Drei Suzuki Piloten in den Top Five

IDM Superbike Zolder/B / Beim IDM Gastspiel in Belgien fahren Erwan Nigon, Vittorio Iannuzzo und Tatu Lausletho auf die vorderen Plätze
Drei Suzuki Piloten in den Top Five (PresseBox) (Bensheim, ) Erwan Nigon war hoch motiviert nach Zolder gereist und hatte sich einen Platz auf dem Podium als Ziel gesetzt. Der Franzose war erneut als Ersatzpilot für den verletzten Vincent Philippe beim HPC Power Suzuki Racing Team eingesprungen. Im Qualifikationstraining beschränkte sich Nigon darauf, eine Zeit unter den schnellsten neun Piloten zu fahren und sich somit für die Superpole zu qualifizieren. Ansonsten nutzte der 30-Jährige die Zeit um an der Abstimmung der GSX-R1000 zu arbeiten. In der Superpole fehlte dann jedoch das nötige Quäntchen Glück. "Ich hatte einen weichen Qualifier-Reifen aufziehen lassen", berichtete Nigon. "Dummerweise habe ich mich jedoch in der ersten fliegenden Runde verbremst und der zweite Anlauf ging ebenfalls in die Hose. Für eine weitere Runde hat der Reifen eigentlich nicht mehr gehalten, deshalb ist nur Platz 6 herausgesprungen."

Im ersten Wertungslauf kam es jedoch noch schlimmer. Nigon hatte schon am Start Probleme und konnte nur eine Runde absolvieren, ehe er mit defekter Kupplung die Segel streichen musste. Das zweite Rennen lief jedoch deutlich besser. Nach dem Start auf Rang 4 notiert, fiel Nigon zwischenzeitlich auf Platz 7 zurück, konnte sich jedoch in der zweiten Halbzeit auf den fünften Platz nach vorn verbessern. "Auf jeden Fall eine Steigerung zum ersten Rennen", lachte Nigon nach dem Zieleinlauf. "Ich wollte eigentlich aufs Podium fahren. Vielleicht klappt es ja beim nächsten Mal."

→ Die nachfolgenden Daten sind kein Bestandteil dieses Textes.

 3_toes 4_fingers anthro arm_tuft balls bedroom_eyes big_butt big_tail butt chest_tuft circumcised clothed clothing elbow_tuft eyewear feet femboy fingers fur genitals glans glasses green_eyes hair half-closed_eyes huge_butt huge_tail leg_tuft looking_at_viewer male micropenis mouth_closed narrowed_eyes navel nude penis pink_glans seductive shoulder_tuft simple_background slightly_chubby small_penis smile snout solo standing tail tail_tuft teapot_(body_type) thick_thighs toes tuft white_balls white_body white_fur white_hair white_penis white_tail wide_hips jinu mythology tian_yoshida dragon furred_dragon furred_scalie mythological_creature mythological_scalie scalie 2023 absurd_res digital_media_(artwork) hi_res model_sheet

In der Supersport Klasse bestritt Vittorio Iannuzzo seinen zweiten Einsatz auf der HPC-Power Suzuki und machte weitere Schritte nach vorne. "Ich bin fast meine ganze Karriere lang mit Pirelli Reifen unterwegs gewesen, deshalb habe ich noch ein wenig Umstellungsprobleme mit den Dunlop Pneus", erklärte der Italiener seine Schwierigkeiten. In den Rennen lief es jedoch mit den Plätzen 5 und 6 nicht schlecht für den erfahrenen WM-Piloten. "Natürlich will ich um den Sieg mitfahren", versicherte Iannuzzo. "Doch es macht keinen Sinn es gleich mit der Brechstange zu versuchen. Die anderen Piloten in der IDM wissen auch wie man am Gas dreht. Ich mache deutliche Fortschritte und werde schon bald ganz vorne mitfahren können."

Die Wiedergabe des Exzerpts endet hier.